To make sure things go just right. We talked to celebrity wedding and event planner Mindy Weiss for her best tips on creating a party with maximum fun and minimal headaches. We’ve added a little romantic guidance for good measure.
1. Don’t Just Invite Anybody
If you’re a man, and you have a collection of buddies who love to get drunk and wrestle, they’re not invited. If you’re a woman, and you have a collection of female friends who love to clump together and complain about how many times they’ve been burned by men, they are not invited. This is a party with a purpose.

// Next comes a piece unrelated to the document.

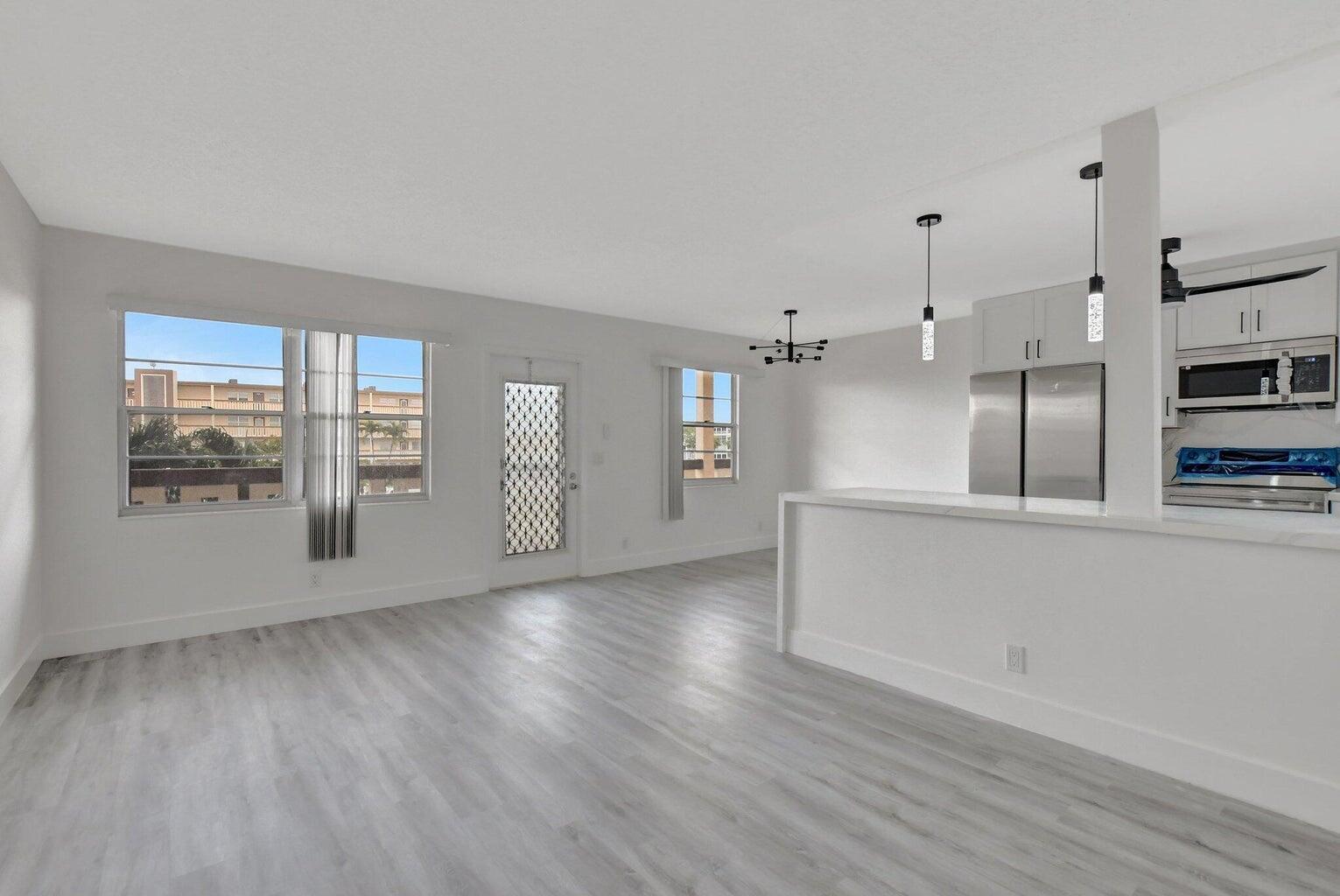 2053 Wolverton C — Photo 4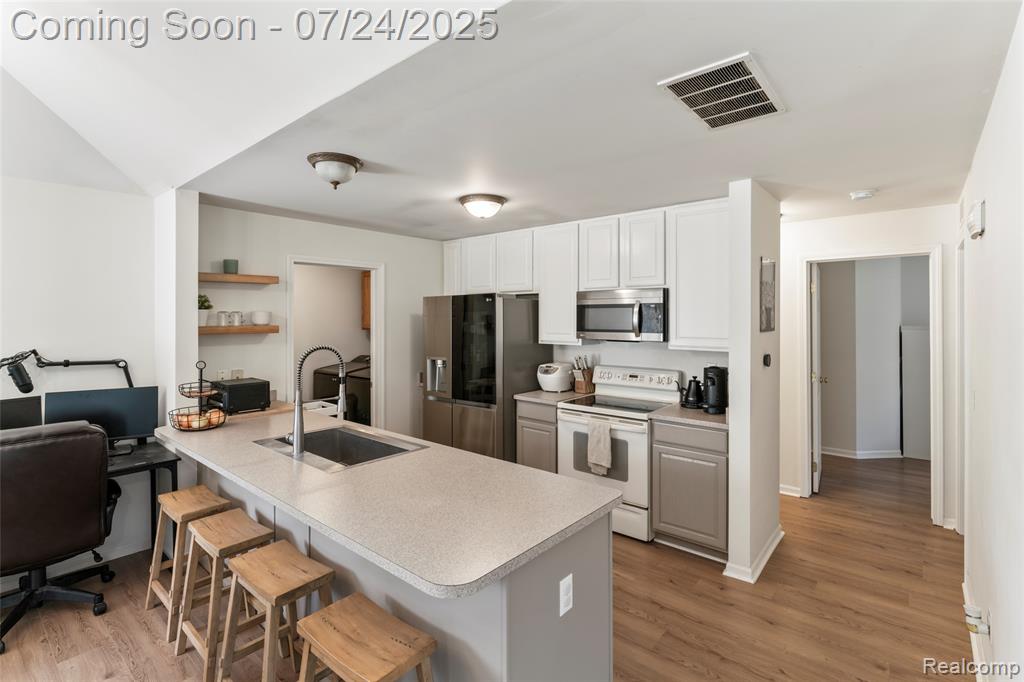 729 Amberly Dr, C, Waterford, MI 48328 — Photo 11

You need to invite a specific kind of person, and it may feel awkward the first time. That’s okay. Important new steps are sometimes that way. For this party you’re going to want to invite all the smart, fun, and interesting people you know with the phrase, “please come and bring someone single and fun.” And of course, your invite list includes any single candidates you’ve been eyeing from afar. That person at work that you’ve been dying to talk to for 6 months – this party is the perfect reason to swing by his/her desk and say, “Hi. I’m having a party in a couple weeks and you’re invited.”
2. Don’t Wait for the Weekend
Mindy says, “During the week, not just the weekends, people are dying to get out. We’re in a bit of a depressed state right now.” For weekend nights she recommends keeping it very simple – picking up some trays of food from the market, or grilling burgers. “Barbecues are back,” she reveals. ”Everybody is barbecuing!”
Make sure you stress to your guests the casual nature of the event. A weeknight party should be about unwinding from the day and relaxing. Make it an early start, and encourage people to come straight from work.
3. Be Charming and Your Guest will Too
“Be a happy host” Mindy explains. ”The guests tend to take on the personality of the host, so if she/he opens the door and says, ‘Oh my God, I have been cooking all day,’ the guests will think, ‘Oh great, glad we came.’ If the host opens the door and says, ‘I am so glad you are here! It’s been crazy today and I am so excited!’” That type of positive energy energizes people as they walk through the door.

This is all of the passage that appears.